Transcribe exactly everything in the data below from the line containing "Graceful Queen In" down to the line containing "Samsung Galaxy Tab", both lines included and nothing further.

# [DATA TO USE]
——
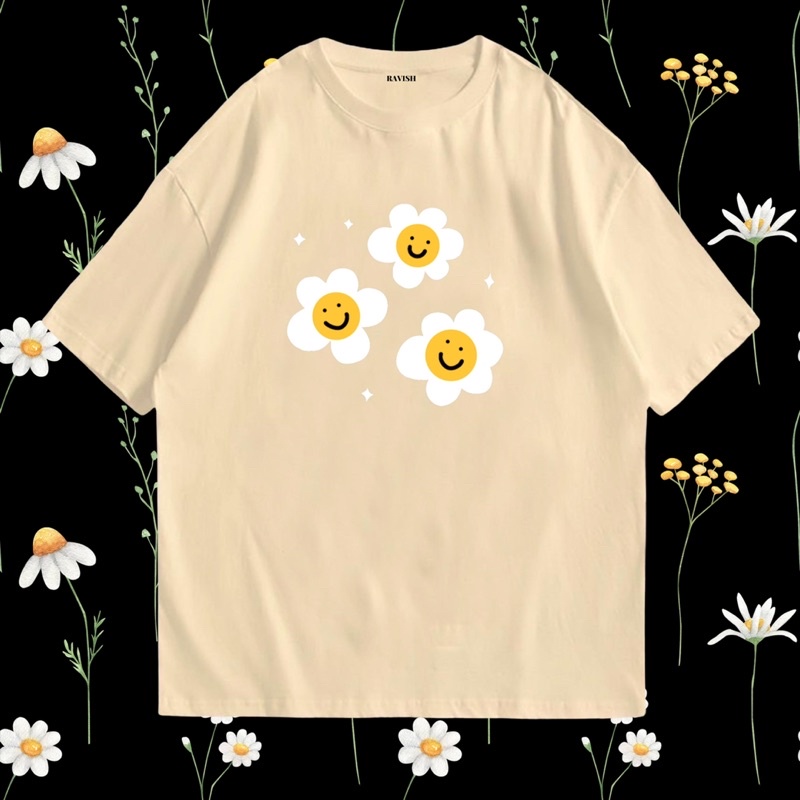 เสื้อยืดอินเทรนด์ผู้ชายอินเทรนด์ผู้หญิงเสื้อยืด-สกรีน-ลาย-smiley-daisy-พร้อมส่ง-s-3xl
——
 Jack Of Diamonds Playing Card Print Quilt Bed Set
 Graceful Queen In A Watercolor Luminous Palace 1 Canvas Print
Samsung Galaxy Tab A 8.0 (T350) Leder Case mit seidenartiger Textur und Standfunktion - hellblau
——
# [SOLUTION]
 Graceful Queen In A Watercolor Luminous Palace 1 Canvas Print
Samsung Galaxy Tab A 8.0 (T350) Leder Case mit seidenartiger Textur und Standfunktion - hellblau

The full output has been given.